When is the last time you used the toilet in Uganda?
When you think of toilet breaks in Uganda, you think “oh, the country has a reputation for bad behaviour” but there is an actual toilet problem that can be deadly.
Uganda has one of the highest rates of infections in the world and the World Health Organisation estimates there are up to 50,000 new infections a day in Uganda.
“I have a toilet in my room, and I do have it at home,” said a 22-year-old man named James.
He lives in the town of Nkunda, just south of Kampala, which has one the highest prevalence rates of water-borne infections in Africa.
James said he is one of thousands of Ugandans living in communities with toilets that are too small to flush.
Ugurumne said the situation was “very bad” in Kampala.
Kampala is about 50 kilometres (31 miles) north of Nairobi, the capital of the Democratic Republic of Congo.
The town of Kampalema, the third-largest city in the country, is home to more than 7,000 people and the vast majority are Ugandians.
In the capital, the town’s most dangerous areas are the northern and western parts, where the temperature is routinely up to 35C (104F) and the humidity is high.
There are no water taps, and when people use the public toilet they are often forced to sit on the floor.
According to the World Water Forum, the population of Uganda has been growing by just a few thousand people per year since 2008.
As a result, water resources are stretched and there is a high risk of a lack of access to clean water, sanitation, and medical care.
A few months ago, I had a bad infection in Kampalena,” James told the BBC.
I was lucky that my family and friends helped me get treatment.
This was a time when we were not allowed to go out because there was a curfew.
I got treatment in a hospital, but the situation improved when the hospital was equipped with piped water and toilets.
It is a shame that we have not been able to take care of ourselves,” he said.
Water is very important to Uganda.
Ugandese people rely on water for everything from drinking to cooking.
But even though the country was once the richest country in Africa, in recent years it has lost some of its economic competitiveness due to poor health care, a shrinking population, and growing economic inequality.

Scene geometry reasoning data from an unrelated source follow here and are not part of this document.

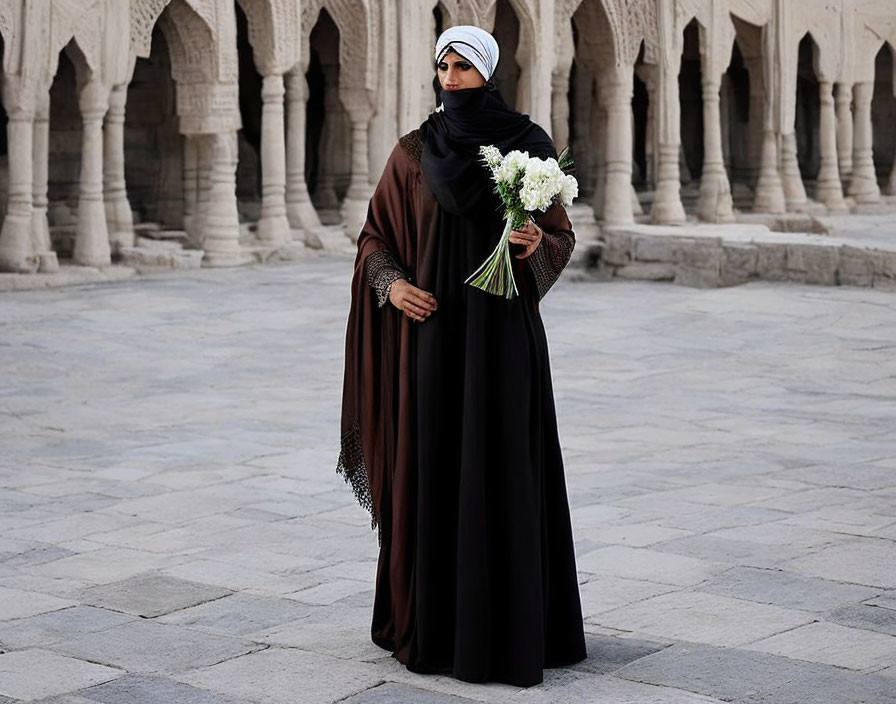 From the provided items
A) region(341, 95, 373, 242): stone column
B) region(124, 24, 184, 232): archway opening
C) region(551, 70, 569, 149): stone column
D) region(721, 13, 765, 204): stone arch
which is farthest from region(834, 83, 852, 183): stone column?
region(124, 24, 184, 232): archway opening

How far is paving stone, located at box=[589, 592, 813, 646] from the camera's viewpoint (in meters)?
4.81

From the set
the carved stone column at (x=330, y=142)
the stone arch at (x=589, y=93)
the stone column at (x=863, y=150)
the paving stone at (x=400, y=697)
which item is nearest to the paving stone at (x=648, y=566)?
the paving stone at (x=400, y=697)

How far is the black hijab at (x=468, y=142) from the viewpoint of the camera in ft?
14.4

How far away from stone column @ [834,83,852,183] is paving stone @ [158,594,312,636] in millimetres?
22858

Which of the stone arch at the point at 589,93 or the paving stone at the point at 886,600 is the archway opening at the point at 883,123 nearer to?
the stone arch at the point at 589,93

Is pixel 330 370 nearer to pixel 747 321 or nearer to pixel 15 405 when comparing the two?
pixel 15 405

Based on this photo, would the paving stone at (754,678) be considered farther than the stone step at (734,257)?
No

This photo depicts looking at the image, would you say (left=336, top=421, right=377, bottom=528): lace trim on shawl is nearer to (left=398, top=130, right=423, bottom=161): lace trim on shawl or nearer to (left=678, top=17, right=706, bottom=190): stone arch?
(left=398, top=130, right=423, bottom=161): lace trim on shawl

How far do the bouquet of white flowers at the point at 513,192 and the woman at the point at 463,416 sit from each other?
49 mm

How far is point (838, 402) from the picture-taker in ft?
31.4

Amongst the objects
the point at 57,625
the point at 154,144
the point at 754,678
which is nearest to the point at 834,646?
the point at 754,678

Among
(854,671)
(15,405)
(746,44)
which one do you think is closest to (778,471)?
(854,671)

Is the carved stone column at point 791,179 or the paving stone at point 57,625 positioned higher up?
the carved stone column at point 791,179

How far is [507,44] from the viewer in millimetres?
24938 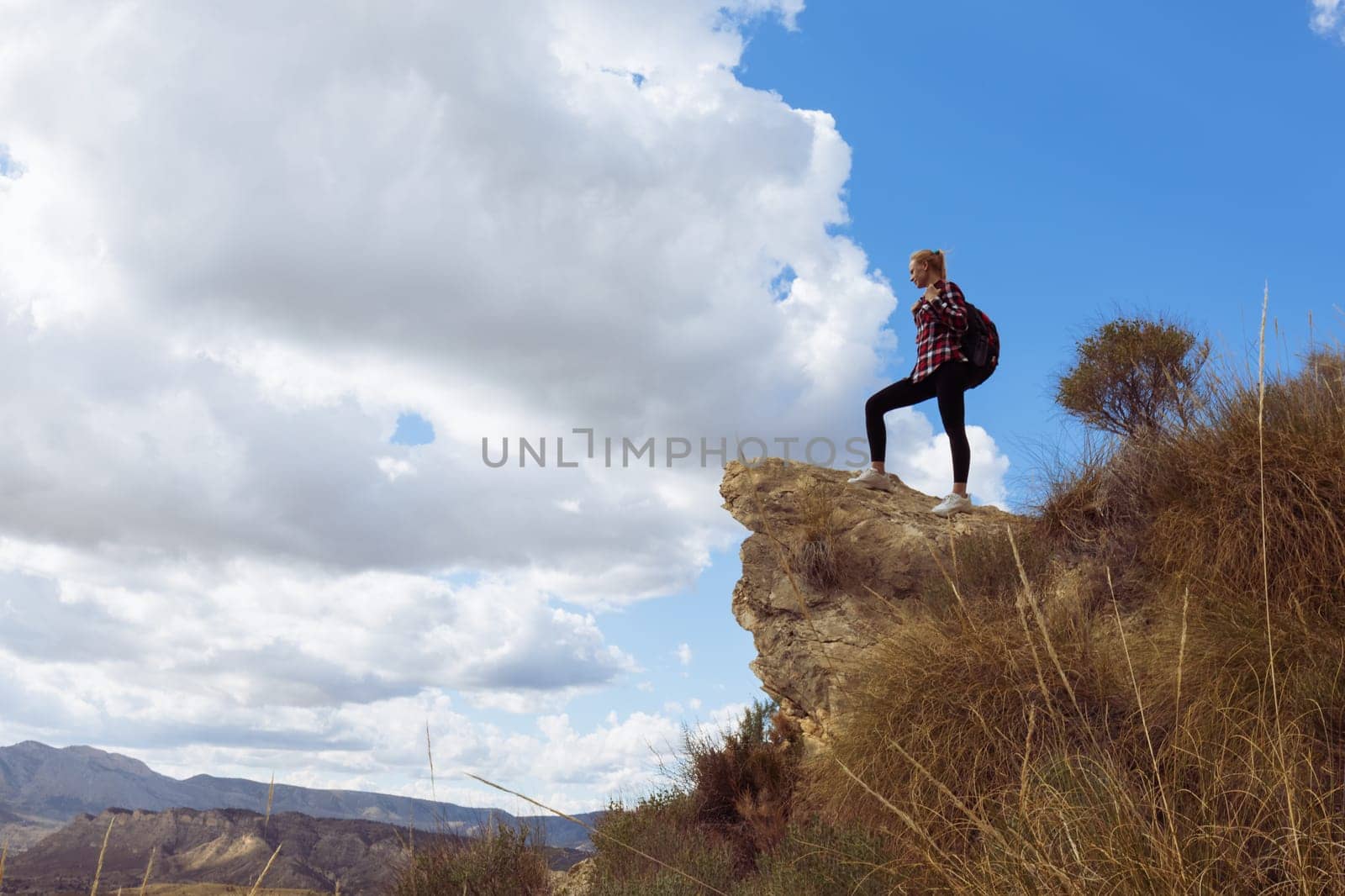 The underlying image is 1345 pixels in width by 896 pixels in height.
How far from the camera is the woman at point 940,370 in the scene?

Africa has become a continent where water is cheap and the population is growing rapidly.
More and more people are becoming aware of the risks of drinking water pollution and using it for other purposes, but there are still no universal sanitation and water facilities.

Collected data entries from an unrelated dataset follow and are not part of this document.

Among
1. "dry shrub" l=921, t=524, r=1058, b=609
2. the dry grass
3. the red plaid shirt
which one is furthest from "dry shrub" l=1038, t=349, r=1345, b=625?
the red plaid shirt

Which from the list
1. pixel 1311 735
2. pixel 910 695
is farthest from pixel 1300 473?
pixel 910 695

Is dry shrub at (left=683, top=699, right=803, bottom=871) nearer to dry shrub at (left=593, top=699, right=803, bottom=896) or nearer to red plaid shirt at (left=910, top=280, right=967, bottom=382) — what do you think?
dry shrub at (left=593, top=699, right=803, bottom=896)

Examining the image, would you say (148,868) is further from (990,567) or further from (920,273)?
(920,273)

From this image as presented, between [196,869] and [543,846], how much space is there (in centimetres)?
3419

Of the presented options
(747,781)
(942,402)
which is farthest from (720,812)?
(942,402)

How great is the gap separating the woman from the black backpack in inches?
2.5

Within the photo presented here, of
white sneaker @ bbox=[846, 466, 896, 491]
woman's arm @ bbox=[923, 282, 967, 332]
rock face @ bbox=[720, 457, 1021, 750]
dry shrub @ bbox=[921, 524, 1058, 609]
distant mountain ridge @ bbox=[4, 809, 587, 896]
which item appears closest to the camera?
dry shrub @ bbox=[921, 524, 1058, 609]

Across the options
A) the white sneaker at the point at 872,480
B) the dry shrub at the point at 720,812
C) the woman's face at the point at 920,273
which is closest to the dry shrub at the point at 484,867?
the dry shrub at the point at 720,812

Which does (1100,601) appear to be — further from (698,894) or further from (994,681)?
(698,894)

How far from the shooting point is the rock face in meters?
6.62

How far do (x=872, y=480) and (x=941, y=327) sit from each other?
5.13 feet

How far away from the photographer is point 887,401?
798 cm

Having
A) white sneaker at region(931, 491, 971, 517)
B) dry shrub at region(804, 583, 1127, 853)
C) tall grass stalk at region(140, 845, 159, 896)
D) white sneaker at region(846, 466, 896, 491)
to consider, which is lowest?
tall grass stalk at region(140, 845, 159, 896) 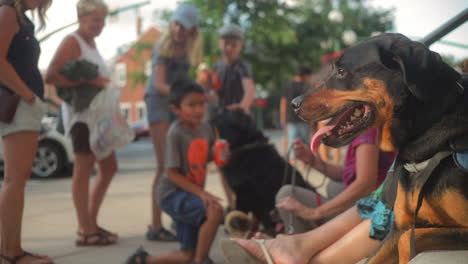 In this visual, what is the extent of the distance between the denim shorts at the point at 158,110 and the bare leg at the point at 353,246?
7.55 ft

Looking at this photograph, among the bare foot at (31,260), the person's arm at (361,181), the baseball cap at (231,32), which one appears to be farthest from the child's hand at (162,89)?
the person's arm at (361,181)

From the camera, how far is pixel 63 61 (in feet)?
12.3

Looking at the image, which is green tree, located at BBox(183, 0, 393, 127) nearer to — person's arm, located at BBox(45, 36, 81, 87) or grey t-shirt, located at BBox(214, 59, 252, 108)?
grey t-shirt, located at BBox(214, 59, 252, 108)

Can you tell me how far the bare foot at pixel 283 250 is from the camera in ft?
7.47

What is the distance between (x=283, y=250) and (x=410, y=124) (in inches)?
34.5

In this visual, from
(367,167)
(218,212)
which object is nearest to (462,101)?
(367,167)

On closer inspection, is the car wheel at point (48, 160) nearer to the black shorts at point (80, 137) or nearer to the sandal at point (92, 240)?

Some people are also wary of drinking the water in Kampalam, and there are no signs of the government taking any action.
Even though the situation is improving, the Ugandan authorities have been reluctant to open water taps to the public and are limiting access to water, especially in the western parts of the country.
On the other hand, the health system in Uganda is still poor.
There is no official information on the extent of the infections in Uganda and there has been no new water-related cases in the last three years.
However, James is not optimistic that he will be able to flush the toilet anytime soon.
When I started to flush my toilet I had two more than 30 days left, and they are still open, but I cannot get rid of the bacteria.
We are living in a situation where I need to flush, and then we have to go back to the same situation.
People are not educated about water, the importance of it, and the problems it brings, so I can’t imagine them taking care of themselves.
Read more about water:Why you should flush your toilet regularly:Ugandan health authorities are reluctant to allow the public to flush their toilets, saying it is against the law.
Most Ugandas public toilets are only designed to flush once per day and can only be used for cleaning or washing.
During the last months, there have been several incidents of water pollution.
Residents in the Nairobaga district of the capital have been complaining of water pipes leaking, which they say have caused a health crisis.
Last month, a woman died from an infection after drinking water contaminated with a pathogen.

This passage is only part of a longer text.